Your GP surgery is usually your first port of call when you start to suffer from any medical symptoms and the recent covid pandemic has highlighted how important it is, in certain circumstances, to be able to see your GP for a face-to-face appointment. As GP surgeries have made the necessary transition to more telephone and video appointments, due to covid restrictions, the limitations of appointments through these methods have become more and more apparent.
A coroner, Alison Mutch, (senior coroner for Greater Manchester) has recently warned that the inability of some patients to see a GP face-to-face was contributing to deaths. We all know that it can be difficult to communicate a problem over the telephone; you are unable to see whether the person has more to say and or to see visual cues. Even assessments by video are limited, as the quality of the video can make it difficult to fully assess the problem and you are unable to use other senses (touch and smell) to get a full picture.
NHS England recently wrote to GP surgeries (in May 2021) to ask them to ensure that they were offering face-to-face appointments and they stated that a remote appointment should only be offered alongside a clear offer of an appointment in person.
However, GP surgeries have now confirmed that they are struggling to cope with the demand for in person appointments. This is due to a fall in the number of GPs across England, a growing and ageing population, more complex consultations and a general overall increase in demand.
As a result, GPs are under enormous pressure. Professor Marshall, Chair of the Royal College of GPs, has stated, ‘GPs are finding it increasingly hard to guarantee safe care to their patients…The chances of making a mistake in a diagnosis or a mistake in a referral decision or a mistake in prescribing are all greater when you’re under stress. And if you’re working 11, 12-hour days, seeing 50, 60 patients…the chances of you making a mistake, we all know, are higher.’

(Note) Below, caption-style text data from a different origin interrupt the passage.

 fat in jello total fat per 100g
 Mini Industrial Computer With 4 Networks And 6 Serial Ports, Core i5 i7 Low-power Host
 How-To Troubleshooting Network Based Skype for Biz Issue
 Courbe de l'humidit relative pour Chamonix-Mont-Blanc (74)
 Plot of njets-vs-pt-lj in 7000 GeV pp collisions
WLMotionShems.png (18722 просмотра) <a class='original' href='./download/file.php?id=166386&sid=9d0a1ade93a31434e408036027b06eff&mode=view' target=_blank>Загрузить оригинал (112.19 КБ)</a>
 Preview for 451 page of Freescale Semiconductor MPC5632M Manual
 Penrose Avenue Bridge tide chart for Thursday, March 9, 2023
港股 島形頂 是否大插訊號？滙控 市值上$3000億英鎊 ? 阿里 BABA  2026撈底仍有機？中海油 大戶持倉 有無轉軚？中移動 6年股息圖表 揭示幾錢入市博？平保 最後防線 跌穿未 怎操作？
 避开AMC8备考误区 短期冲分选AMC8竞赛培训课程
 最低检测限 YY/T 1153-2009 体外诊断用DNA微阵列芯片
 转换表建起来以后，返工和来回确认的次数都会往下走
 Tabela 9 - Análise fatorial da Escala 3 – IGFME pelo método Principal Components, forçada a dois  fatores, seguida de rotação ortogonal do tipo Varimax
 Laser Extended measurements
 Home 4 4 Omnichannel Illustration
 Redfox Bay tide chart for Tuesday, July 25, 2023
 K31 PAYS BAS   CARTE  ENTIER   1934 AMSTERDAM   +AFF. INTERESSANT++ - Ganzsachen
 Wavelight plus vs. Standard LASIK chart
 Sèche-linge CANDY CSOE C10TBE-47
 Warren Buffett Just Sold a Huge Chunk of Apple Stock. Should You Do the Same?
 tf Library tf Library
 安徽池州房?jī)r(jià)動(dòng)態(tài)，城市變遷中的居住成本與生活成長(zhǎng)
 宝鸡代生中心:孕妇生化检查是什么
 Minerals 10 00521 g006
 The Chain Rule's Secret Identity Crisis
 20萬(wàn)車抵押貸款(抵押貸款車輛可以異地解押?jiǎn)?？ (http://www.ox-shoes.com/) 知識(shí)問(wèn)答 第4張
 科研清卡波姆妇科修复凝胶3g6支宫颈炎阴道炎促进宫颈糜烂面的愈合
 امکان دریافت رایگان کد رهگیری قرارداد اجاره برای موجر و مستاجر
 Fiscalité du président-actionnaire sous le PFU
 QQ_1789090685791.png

The Royal College of GPs wants the government to introduce emergency measures to help, including recruiting more GPs and more support staff. However, these measures will take time and until then it is unclear what can be done to ease the strain on GPs and to ensure patient safety.
However, what is clear is that GP surgeries will need to redevelop their services in the future, perhaps by way of a more thorough triage system to ensure that people who need face-to-face appointments are given them and then remaining patients can be assessed through quicker remote consultations. This will be difficult, as it will need to involve a level of familiarity with patients, their needs and their medical history. GPs will also need to ensure that the person carrying out the triage service has the necessary level of expertise to assess what level of care the patient needs.
Unfortunately, it does not appear as though there is any quick fix and we will have to wait and see what the future holds for GPs and their services.